Of the Capitals' four current users, only Gartner has experienced any difficulty with the visor. But he has worn it faithfully since he was struck in the eye by an innocent-looking clear off the stick of Winnipeg's Tim Watters at Capital Centre on Jan. 31, 1983.
"There was a period of adjustment and there's still room for improvement with the visors," Gartner said. "There is distortion and they do fog up. There are times when I come back to the bench with my face covered with water because of the sweat.
"But that's a minor thing. It's like a seat belt. It's an inconvenience, but it could save your life . . .
Andersson began wearing a visor in Sweden at an early age and has continued its use. "I was only 14 or 15 and it was the law in Sweden then," Andersson said. "After that, I used it, anyway. I think the problem is to get used to it. If you grow up with it, it's fine."

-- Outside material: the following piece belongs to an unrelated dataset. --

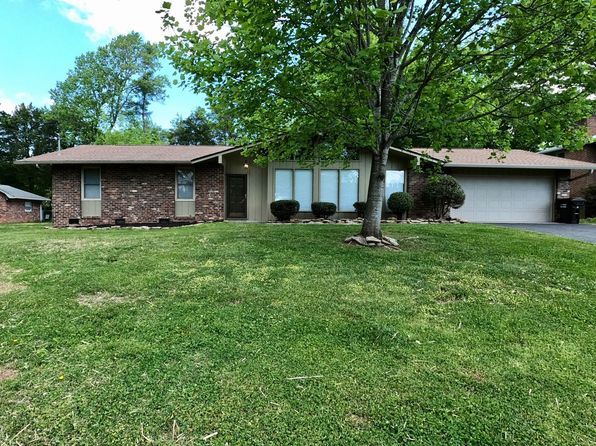 8621 Dovefield Dr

Gustafsson was the first Washington player to wear a visor and he was instrumental in getting Carpenter to put one back on, after Carpenter had worn one in high school and discarded it during his first season in the NHL.
"I've used it for five years with no problems," Gustafsson said. "We were playing Toronto back to back and I got hit in the mouth and cut my face the first game. I used a visor the next night and I've kept it ever since. Sometimes, there's a little sweat; I just dry it off."
"I went without it a year and I got cut during the summer," Carpenter said. "I came back and I saw Gus wearing one and I tried it and it was fine. I'll never play another game without one."
Carpenter learned the wisdom of his decision a week ago in Los Angeles. He was struck in the face by Engblom's stick and groggily limped off the ice, but the shield absorbed much of the blow.
Not everyone who suffers a facial cut becomes a lifelong proponent of a face shield, however. The Capitals' Bob Gould wore one for a while after he received a 25-stitch facial cut from goaltender Chico Resch's skate in New Jersey Oct. 12. Gould since has discarded it.
Rod Langway, the Capitals' captain, is one of the few NHL players who does not even wear a helmet. He has been struck near an eye twice this season, but asked whether he had considered a visor, he said, "Never. I couldn't even wear a helmet. How could I get it down over my ears?"
It is not a laughing matter, of course, for those who cringe in fear whenever Langway or another player is hit near the eye.
"There have been a lot of eye injuries and I don't understand for the life of me why every player doesn't wear an eye visor," said Alan Eagleson, executive director of the NHL Players Association, which has not made mandatory use a bargaining issue because so many players do not want it.
Perhaps Warren Strelow, the Capitals' assistant coach, put it best when he said, "Ryan Walter is in a hospital and Hector Marini in Fort Wayne lost an eye two weeks ago. The game isn't worth that."